Pek çok berdel ile evlenmiş ya da çocuğunu evlendirmiş kişiyle görüştüm ve çok acı hikayelere rastladım. Karşılıklılık kuralına göre, diğer çift ayrıldığı için nişanlısından ayrılmak zorunda kalan ve intihar eden kızlar var. Babası, gördüğü halde müdahale etmiyor ve kızının intiharına göz yumuyor. Böylece, ortadan sorun kendiliğinden kalkmış oluyor.
“Bu geleneği ne yazık ki ağırlıklı olarak kadınlar sürdürüyor”
Bu kurguyu, bu kadar detaylı işletenler, ağırlıklı olarak kimler?
Bana tepki göstereceksiniz ama ne yazık ki kadınlar!
Yapmayın yahu, erkek egemen düzene boyun eğmek zorunda kalan kadınlar mı suçlu?

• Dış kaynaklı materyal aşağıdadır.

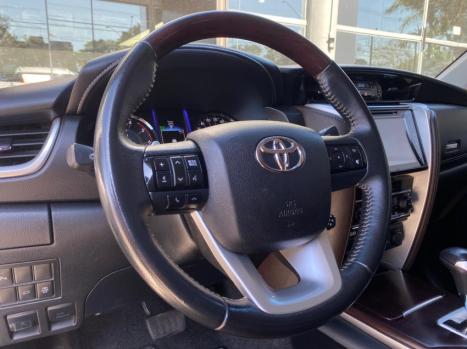 TOYOTA Hilux SW4 , Foto 9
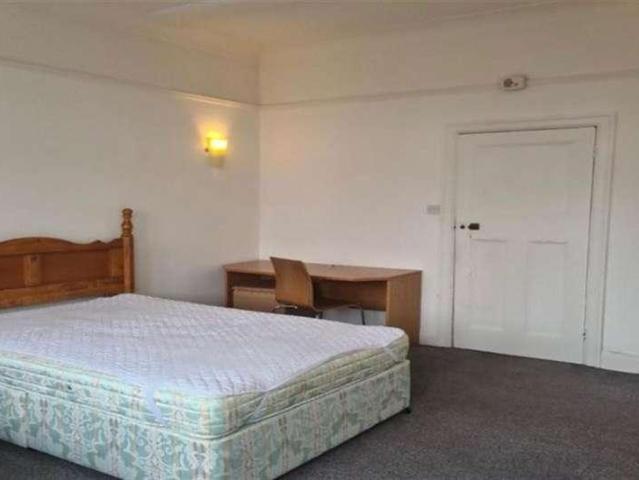 Apartment for rent in Moordown, Bournemouth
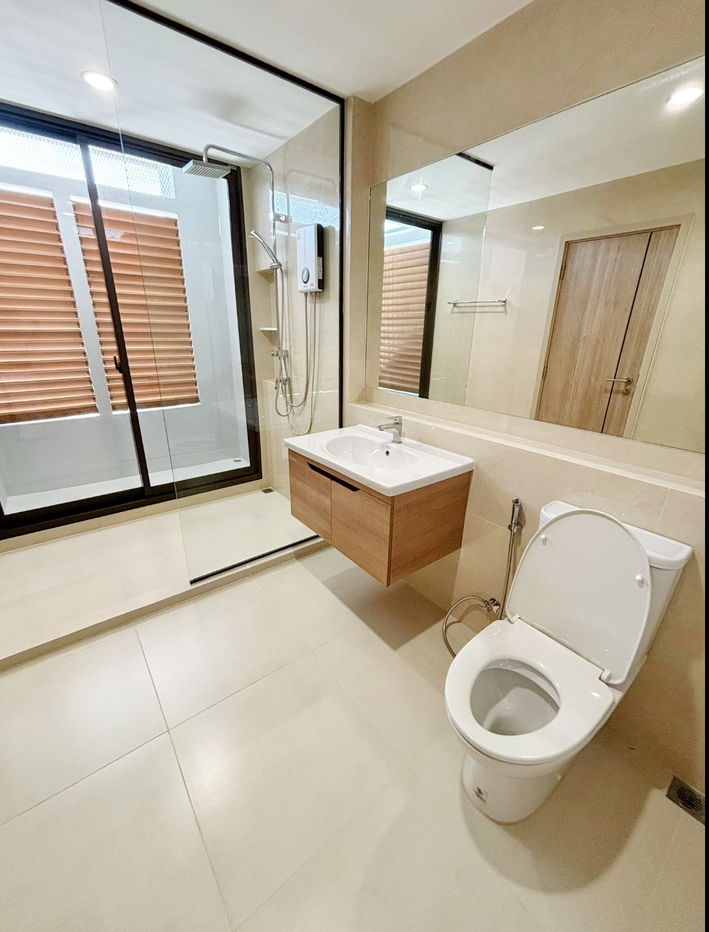 picture Newly home! 3bed 4bath 210sqm. 2parking. Line id: @pfagent - 12/14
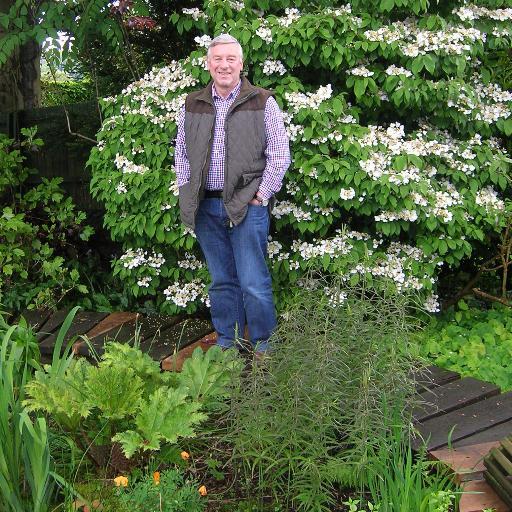A garden and plant nut for 40 years in love with the natural world....and wife and family ! Conventional but it works. Pro EU Internationalist & anti deist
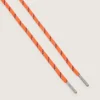 Orangefarbene Wanderschnürsenkel mit grauen und schwarzen Details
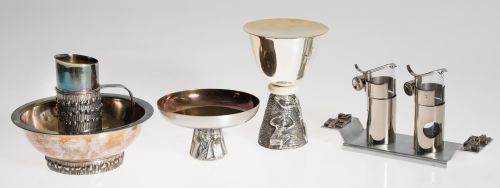 Lote de cinco piezas litúrgicas de metal, España, años 70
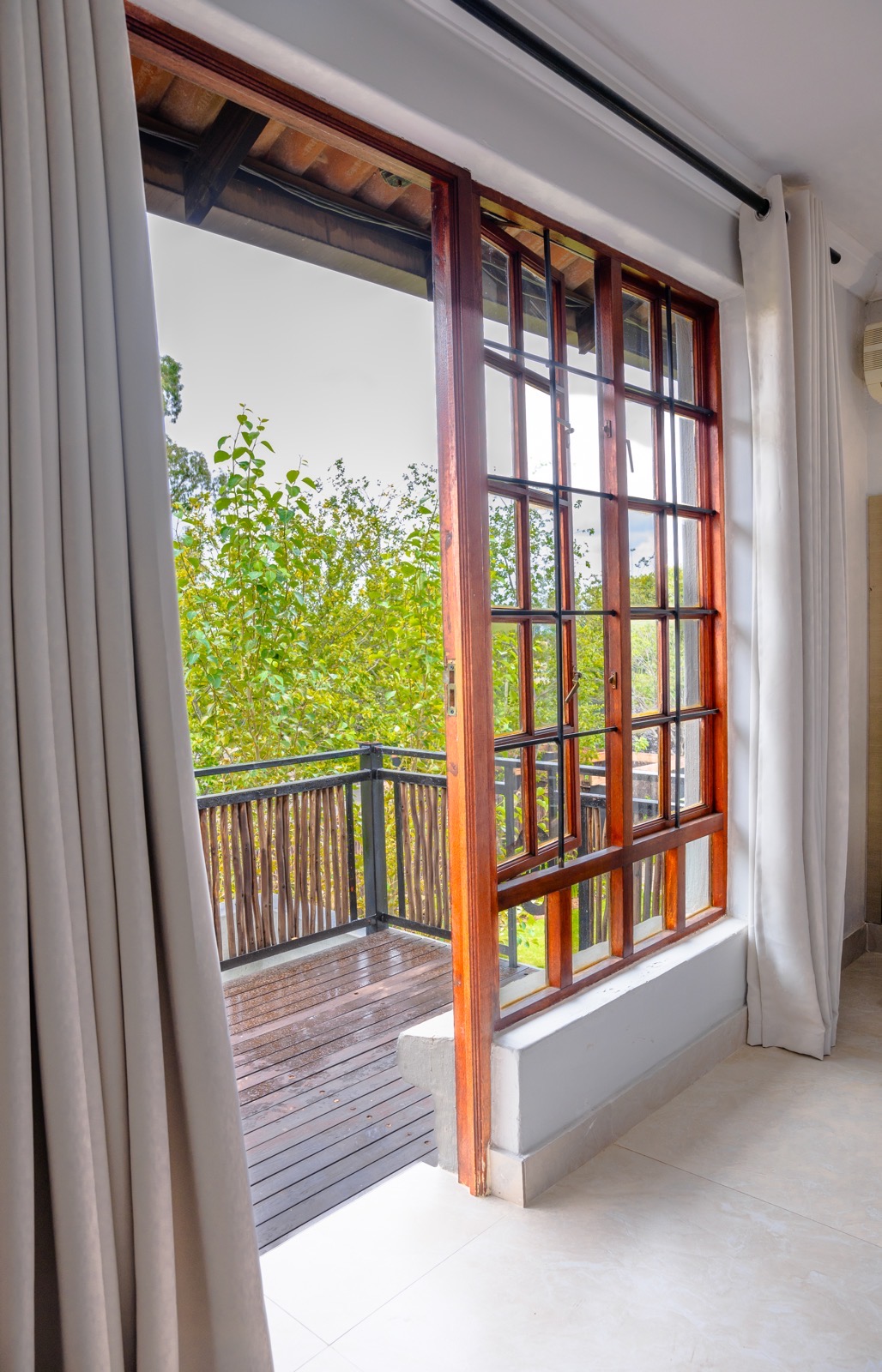 Real Estate Photo 98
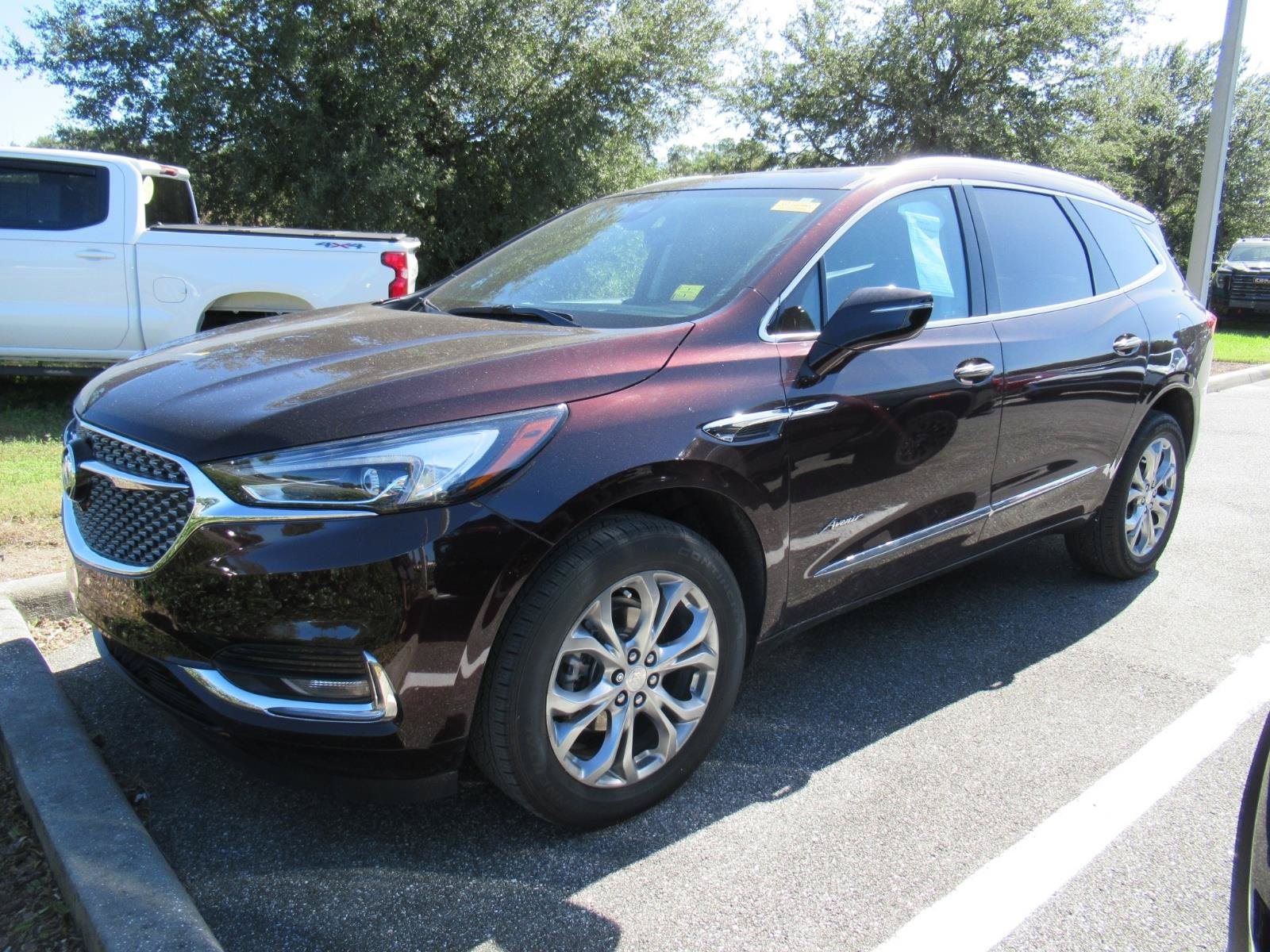 Used 2021 Buick Enclave Avenir w/ Avenir Technology Package FWD image 2
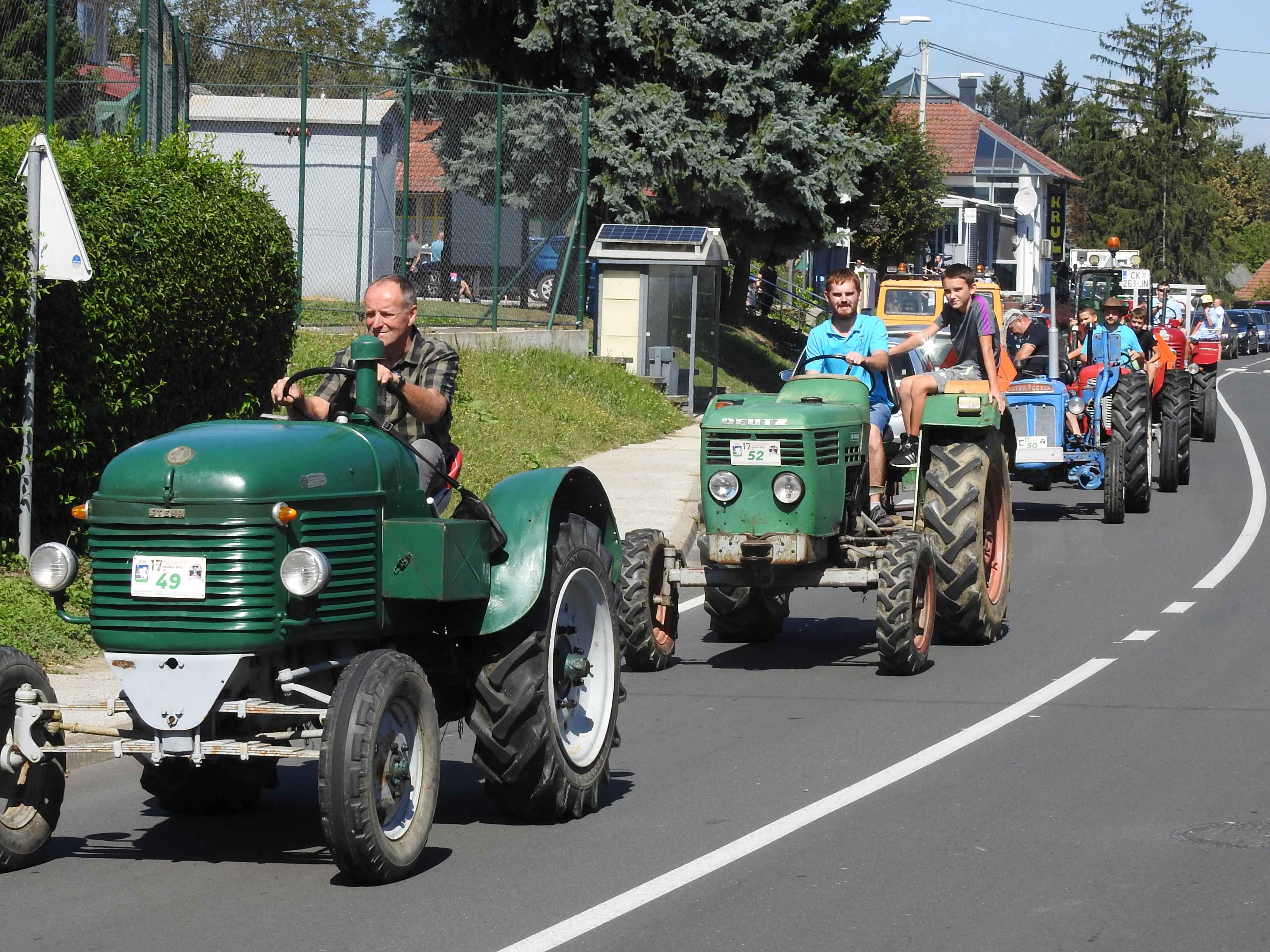 SELNICA Pogledajte kako je bilo na 17. susretu starih traktora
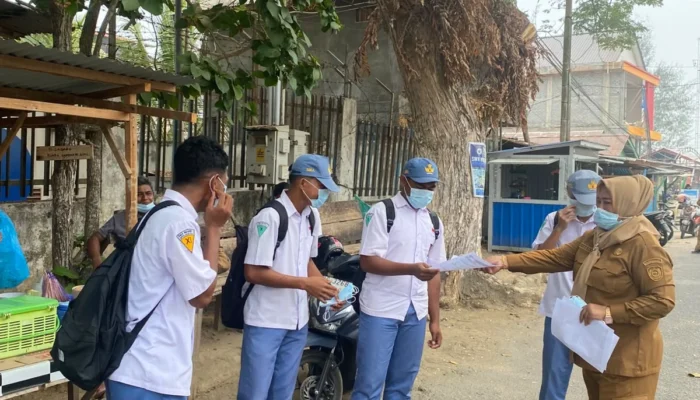 Dinkes Kepulauan Sula Bagikan Masker Gratis untuk Antisipasi Kabut Asap Karhutla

Bunu söyleyeceğinizi tahmin etmiştim ama ne yazık ki araştırmalarım sonucu gördüm ki bu düzenin devam etmesini en çok kadınlar istiyor. Oyunu kadınlar kuruyor. Kadına kötülüğü yine kadınlar yapıyor.
İspat edin...
Bir kadınla konuştum,
67 yaşındaydı. Ailenin tek çocuğuymuş. Annesi, kocasının erkek çocuğu olmadığı için, kocasının “kör ocak” olmasını istemediğinden, kendine kuma almak istemiş ama bunun için paraları yok. Kadın, kendi 15 yaşındaki kızını, bir başka adama verip, adamın 15 yaşındaki kızını, kocasına almış. Teyze o günleri şöyle anlattı: “Babam anneme, ‘kızımız daha çok küçük’ dediğinde, annem ‘ne yapalım kör ocak mı kalacaksın’ dedi. Kendim duydum.” Başka bir kadın, “Berdel olduğum gün mezara girdiğim gün” diye anlatıyor ama sonra oğluna gelin almak için, kendi kızına da berdel yaptığını söylüyor. Tamamen, kadının organizasyonu yani. Böyle öyle çok hikayem var ki!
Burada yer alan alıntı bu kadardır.